Un test décisif pour l’Ukraine
Privatiser une installation stratégique représente pour Kyiv un examen crucial de sa capacité à attirer des capitaux étrangers malgré la menace militaire et les inquiétudes liées à la corruption. La décision ne concerne pas seulement la vente d’un actif : elle interroge la confiance des investisseurs dans la stabilité du pays, la qualité des institutions et la capacité de l’État à protéger les biens et contrats sur son sol. Par exemple, la mise en vente d’actifs énergétiques ou portuaires en temps de conflit met en lumière des enjeux de sécurité qui dépassent la simple gestion économique.
Risque d’attaques et vulnérabilité des infrastructures
Les investisseurs évaluent désormais la probabilité que des installations soient affectées par des opérations militaires ou des attaques ciblées : la guerre en Ukraine a montré la vulnérabilité des réseaux électriques, des ports et des grands ouvrages. Exemples récents :
- Destruction du barrage de Kakhovka (2023) : événement majeur ayant souligné le risque pour les infrastructures hydrauliques.
- Incidents autour de la centrale nucléaire de Zaporizhzhia : préoccupations internationales sur la sécurité nucléaire en zone de conflit.
- Attaques sur des ports et lignes électriques : impacts directs sur la logistique et la production.
Ces éléments augmentent le coût du capital, exigent des assurances spécifiques et imposent des garanties additionnelles pour tout acheteur potentiel.
La corruption comme frein structurel
La perception de la corruption pèse lourdement sur la décision d’investir ; l’histoire récente de l’Ukraine contient des exemples qui alimentent la défiance des marchés. Illustrations concrètes :
- La nationalisation de PrivatBank (2016) a rappelé les risques liés à des actifs bancaires entachés par de lourds passifs et des conflits d’intérêts.
- Les tensions autour de la vente de Motor Sich et des interventions étatiques montrent la sensibilité des opérations impliquant des intérêts stratégiques.
Pour gagner des investisseurs, il est indispensable d’afficher une transparence dans les processus de privatisation et de renforcer les mécanismes judiciaires et anti-corruption.
Ce que recherchent concrètement les investisseurs étrangers
Les décideurs cherchent des signaux clairs de sécurité juridique et physique avant d’engager des fonds.
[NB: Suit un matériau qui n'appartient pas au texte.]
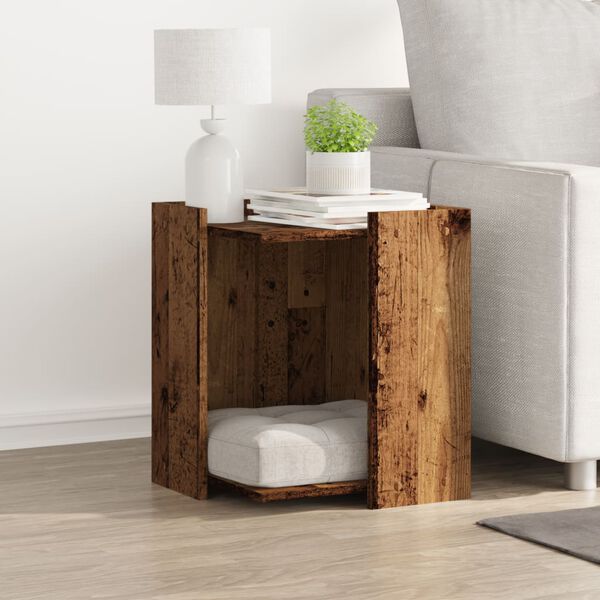 vidaXL Cat Litter Box Enclosure Old Wood 42x42x51 cm Engineered Wood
Les critères clés incluent :
- Garantie de sécurité : protection contre les attaques et continuité opérationnelle.
- Sécurité juridique : contrats fiables, indépendance des tribunaux et protection contre l’expropriation.
- Transparence et gouvernance : ventes via enchères publiques, audits préalables et gouvernance d’entreprise solide.
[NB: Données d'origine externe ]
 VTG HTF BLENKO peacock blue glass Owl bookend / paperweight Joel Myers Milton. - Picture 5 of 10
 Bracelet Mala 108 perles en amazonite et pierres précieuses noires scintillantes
- Mécanismes d’assurance : couverture contre le risque de guerre et instruments comme MIGA ou assurances privées.
Exemple : un investisseur industriel exigera souvent une clause de stabilisation, des assurances de risques politiques et la présence d’un partenaire local crédible.
Mesures pratiques pour rendre la privatisation attractive
Plusieurs leviers peuvent réduire les réticences et augmenter les chances de succès d’une privatisation :
- Recours aux garanties internationales (Banque mondiale, MIGA, EBRD) pour couvrir les risques politiques et de guerre.
- Ventes progressives : d’abord des participations minoritaires pour établir la confiance, puis montée en puissance.
- Transparence maximale : publication d’audits, appels d’offres publics et règles claires encadrant les candidatures.
- Partenariats stratégiques avec entreprises étrangères reconnues pour apporter gestion, capital et standards internationaux.
Ces mesures, combinées à des réformes institutionnelles (renforcement des régulateurs, juridictions spécialisées), constituent des réponses pragmatiques aux inquiétudes des investisseurs.
Vers une privatisation résiliente et crédible
La réussite de la privatisation dépendra de la capacité de Kyiv à créer un environnement où la sécurité et la bonne gouvernance sont tangibles. Des étapes concrètes pour augmenter les chances de succès :
- Mettre en place des garanties internationales et des assurances de guerre.
- Structurer des ventes par étapes avec des clauses protégeant les investisseurs.
- Renforcer la transparence des processus et la lutte contre la corruption.
- Impliquer des partenaires techniques et financiers internationaux pour partager le risque.
Si ces conditions sont réunies, la privatisation peut devenir non seulement un test mais aussi une opportunité pour attirer des capitaux durables et moderniser des secteurs clés de l’économie ukrainienne.